The monkey wrench didn’t kill Obamacare, which was Rubio’s goal, but it did have an impact. The lack of full reimbursement contributed to the collapse of a dozen healthcare co-ops that had been created to provide coverage to individuals and families, interfering with coverage of some 800,000 Americans. Many, if not most, of these co-ops likely would have survived if the promised financial cushion was there for them when expected. For some reason, Rubio was so inordinately proud of this fiasco he created that he bragged about it during his ill-starred campaign for president. But as Richard Mayhew of Balloon-Juice.com observed in December:
“The Rubio rider causes a lot of chaos, does not actually solve the problem it is superficially intended to solve, costs the government more money in the short term as the benchmarks are recalculated upwards, and costs the government more money in the long term as there are fewer insurers and thus less competition....Brilliant!”

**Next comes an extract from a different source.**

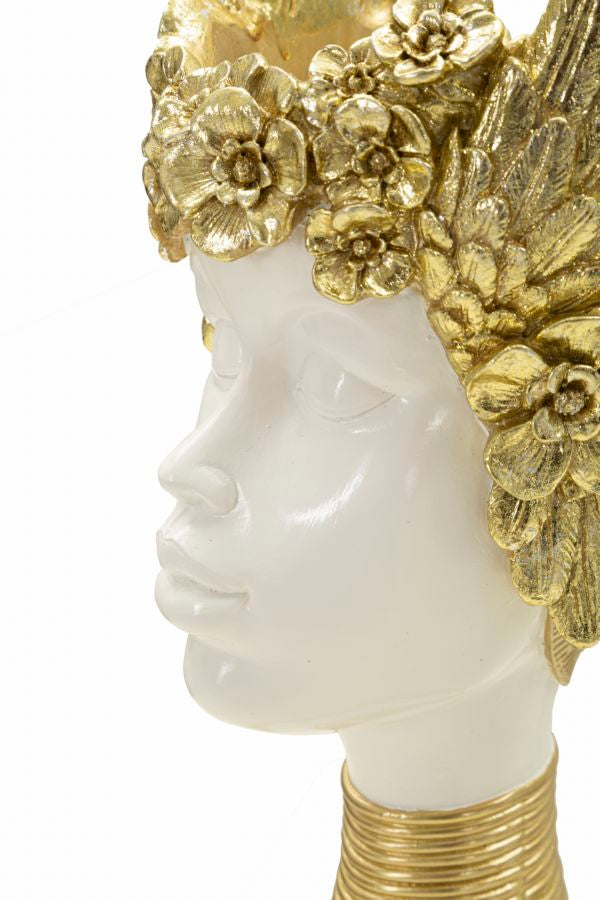 Escultura GLAM – Branco, Dourado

And as was predictable, litigation followed. In February, an Oregon health co-op filed a $5-billion class-action lawsuit in the Court of Federal Claims seeking the money. Highmark’s lawsuit is similar.
Once again, experts think the plaintiffs have a good argument, which means the money that’s owed will be paid out, sooner or later. In the meantime, hundreds of thousands of customers were harmed, nothing was saved, and the nation’s healthcare system was burdened with unnecessary expense. One would be tempted to chalk this up to the law of unintended consequences, except that it looks like an intended consequence. The only question is why the ACA’s opponents intended it.